DIRECTIONS |
Within the entries below, please return exactly the lines from the one with "Elegant Black and Gold floral design" through the one with "Isuzu 250 2000", leaving out any pictures.

SOURCE INFORMATION |
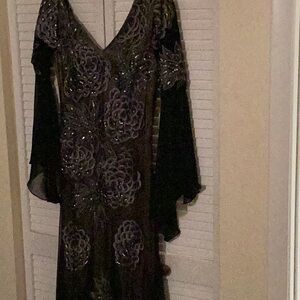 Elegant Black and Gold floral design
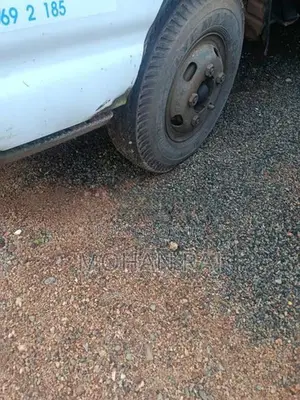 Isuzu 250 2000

--

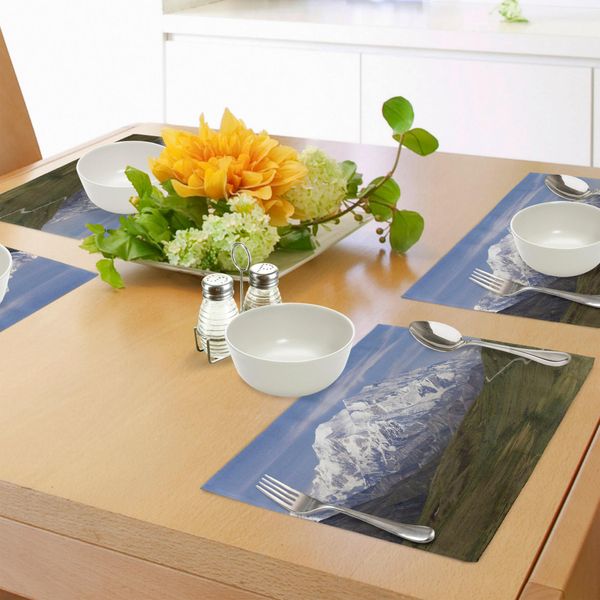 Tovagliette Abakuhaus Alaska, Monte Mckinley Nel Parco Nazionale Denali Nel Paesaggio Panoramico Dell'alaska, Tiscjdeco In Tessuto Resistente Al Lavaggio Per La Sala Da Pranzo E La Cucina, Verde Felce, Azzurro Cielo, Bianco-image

==

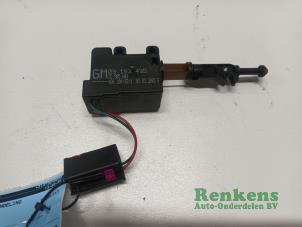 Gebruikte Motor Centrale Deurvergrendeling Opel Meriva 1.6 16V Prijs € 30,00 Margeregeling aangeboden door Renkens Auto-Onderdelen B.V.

REPLY TO THE TASK |
 Elegant Black and Gold floral design
 Isuzu 250 2000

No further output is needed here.